Required action: For the data below, give again exactly the lines from the one containing "xxx_jane_xxx" through the one containing "Used Right headlight", both ends included, and no others.

Records:
━━━━━━━━
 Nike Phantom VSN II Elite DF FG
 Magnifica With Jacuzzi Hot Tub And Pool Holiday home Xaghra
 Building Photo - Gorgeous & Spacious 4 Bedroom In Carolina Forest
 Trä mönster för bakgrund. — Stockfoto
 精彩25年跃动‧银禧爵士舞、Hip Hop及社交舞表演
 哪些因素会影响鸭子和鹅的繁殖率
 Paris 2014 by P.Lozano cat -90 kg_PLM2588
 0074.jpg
━━━━━━━━
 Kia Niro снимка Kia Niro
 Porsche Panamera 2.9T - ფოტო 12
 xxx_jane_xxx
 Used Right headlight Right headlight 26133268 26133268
━━━━━━━━
Solution for this task:
 xxx_jane_xxx
 Used Right headlight Right headlight 26133268 26133268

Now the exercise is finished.